[Start of Attachment]

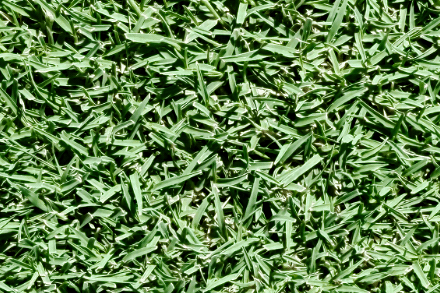 Coachella Bermuda Product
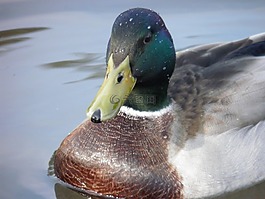 動物,鴨,鳥
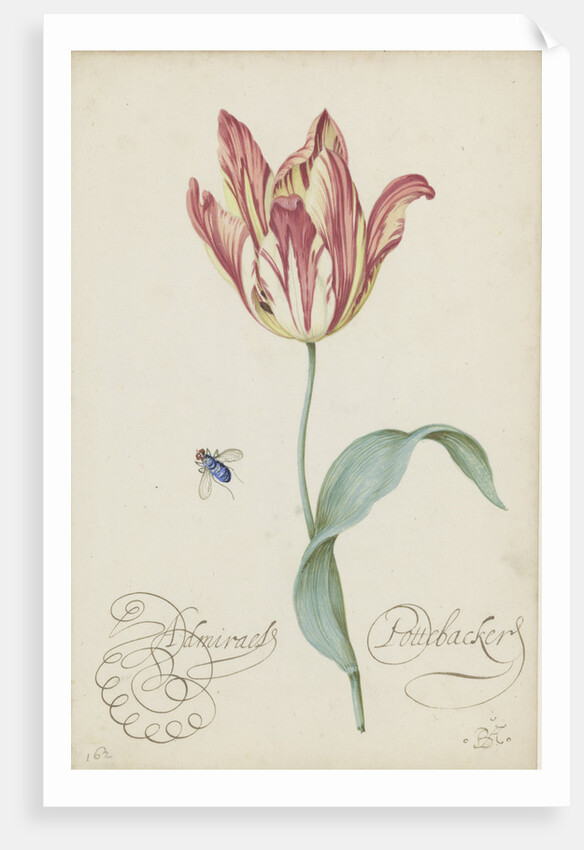 Study of a tulip (Admiral Pottebacker) and a fly, 1620-1629 by Anonymous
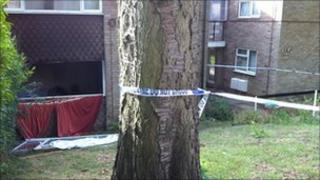Stevenage flat fire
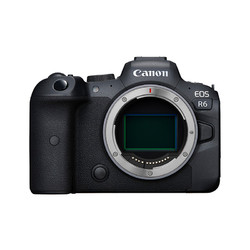 Canon 佳能 EOS R6 微单机身 全画幅微单 4K视频拍摄 配合镜头实现双重8级防抖 动物检测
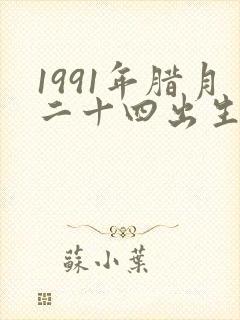 1991年腊月二十四出生的人命运封面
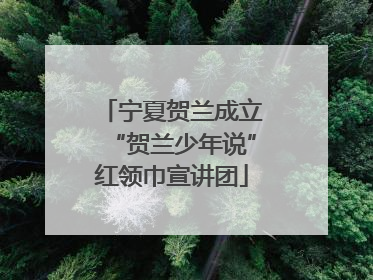 宁夏贺兰成立“贺兰少年说”红领巾宣讲团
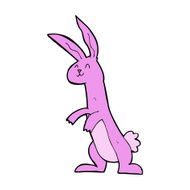 Cartoon Rabbit N120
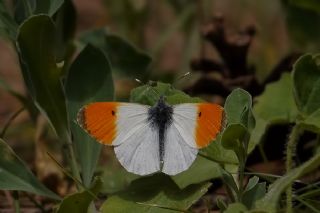 Turuncu Ssl (Anthocharis cardamines)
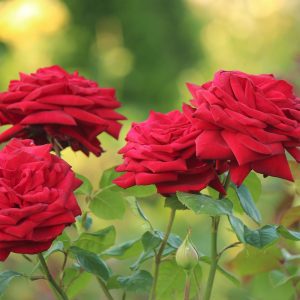 flowering plants with thorns - roses 1.0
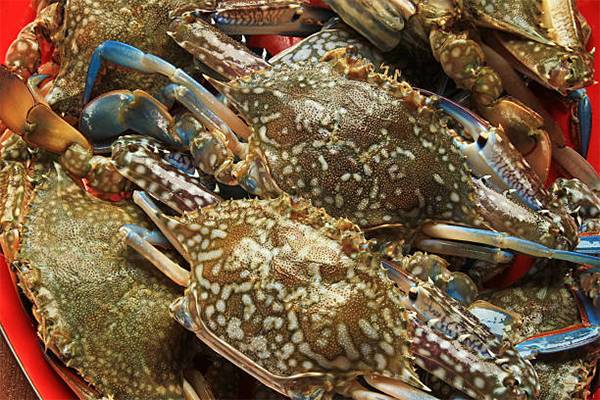 Gulf of Mexico crabbers keeping an eye on nearby states in light of tight supply in early 2021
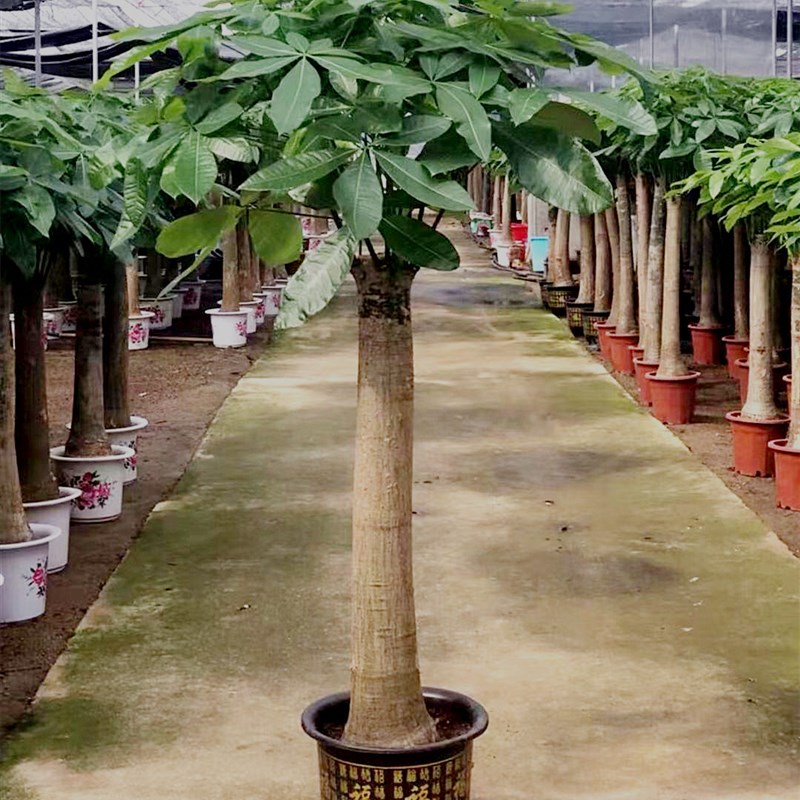 发财树辫子盆栽大型绿植吸甲醇客厅北欧净化空气室内办公阳台包邮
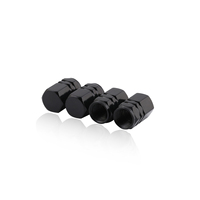 Pack de 300 pièces voiture pneu personnalité réaménagement noir roue tige Valve bouchon personnalité Modification accessoires costume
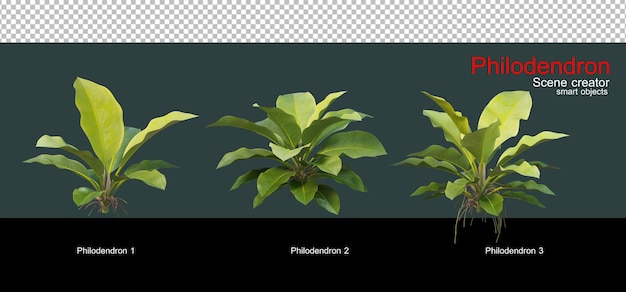 PSD variety of philodendrons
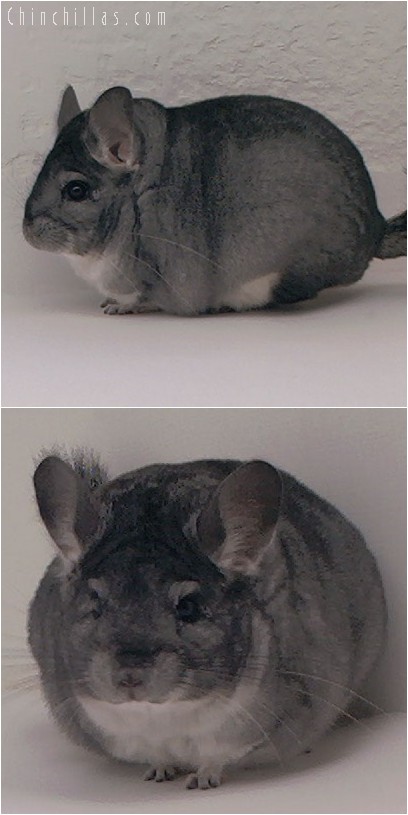 4154 Show Quality Blocky Standard Female Chinchilla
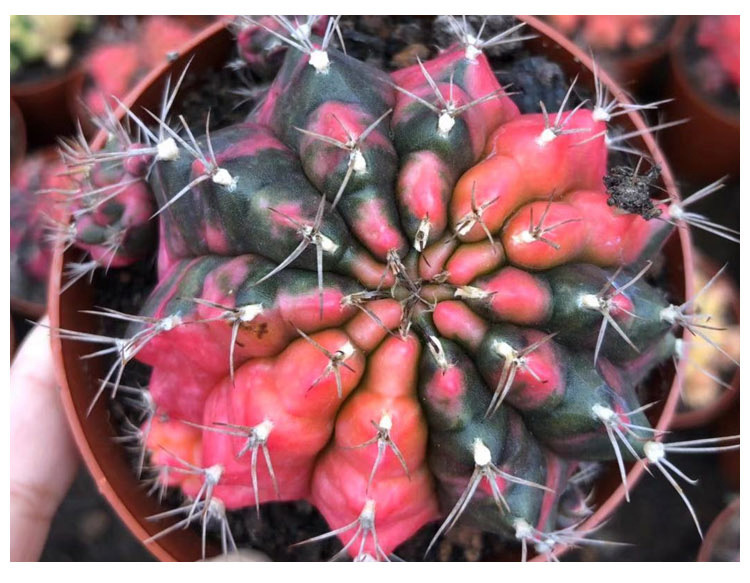 基地直供光辉牡丹锦 家居花卉绿植 多肉植物盆栽
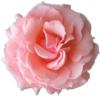 cute kawaii rose flower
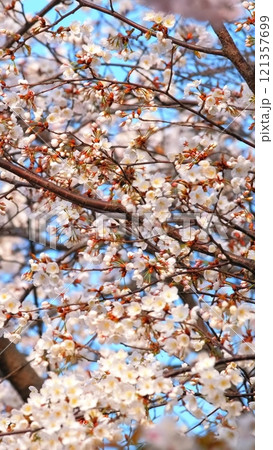 Blooming sakura cherry blossom background in spring, Seoul, South Korea 121357699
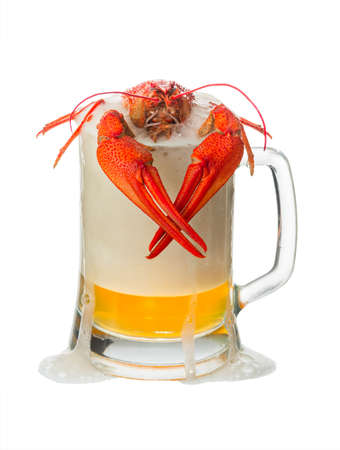 lobster crawls out from a mug with beerの写真素材
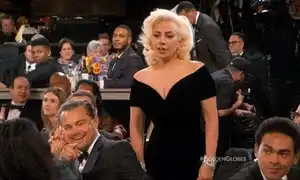 leonardo dicaprio lady gaga gif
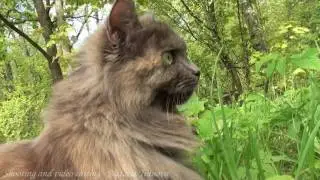 прогулка кота интересное видео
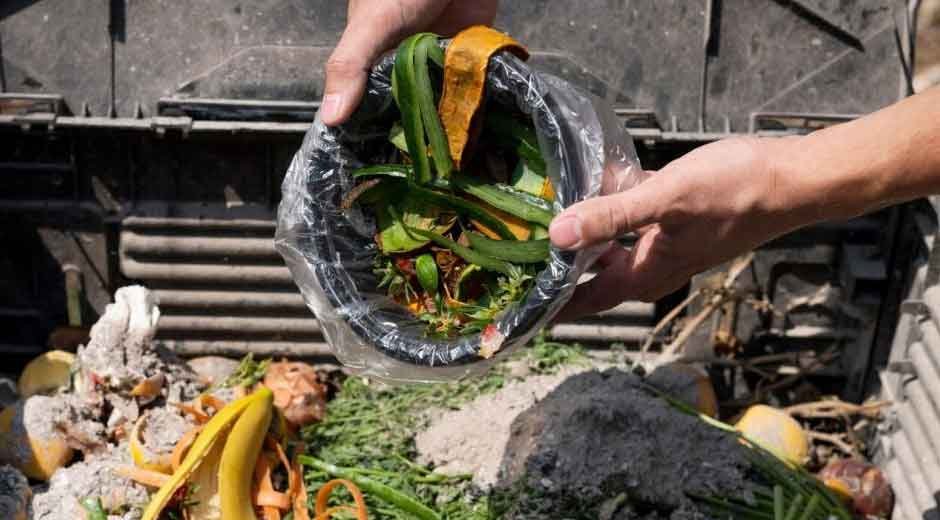 How to Dispose of Garden Waste Responsibly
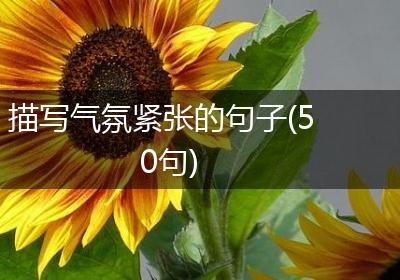 描写气氛紧张的句子(50句)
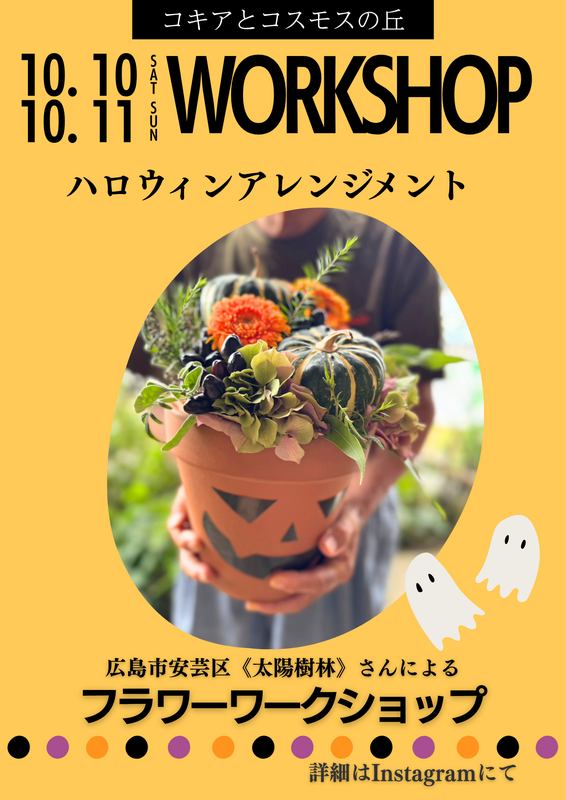 写真はイメージです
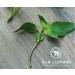 Sweet Basil Thai Herbs & Spices - Authentic 6g Royal Thai Cuisine - Buy Online on GoSupps.com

[End of Attachment]

#### TASK REQUIREMENTS:
From the records above, return exactly the lines running from the one that contains "Stevenage flat fire" down to the one that contains "发财树辫子盆栽大型绿植吸甲醇客厅北欧净化空气室内办公阳台包邮", both included, without any pictures.

#### TASK ANSWER:
Stevenage flat fire
 Canon 佳能 EOS R6 微单机身 全画幅微单 4K视频拍摄 配合镜头实现双重8级防抖 动物检测
 1991年腊月二十四出生的人命运封面
 宁夏贺兰成立“贺兰少年说”红领巾宣讲团
 Cartoon Rabbit N120
 Turuncu Ssl (Anthocharis cardamines)
 flowering plants with thorns - roses 1.0
 Gulf of Mexico crabbers keeping an eye on nearby states in light of tight supply in early 2021
 发财树辫子盆栽大型绿植吸甲醇客厅北欧净化空气室内办公阳台包邮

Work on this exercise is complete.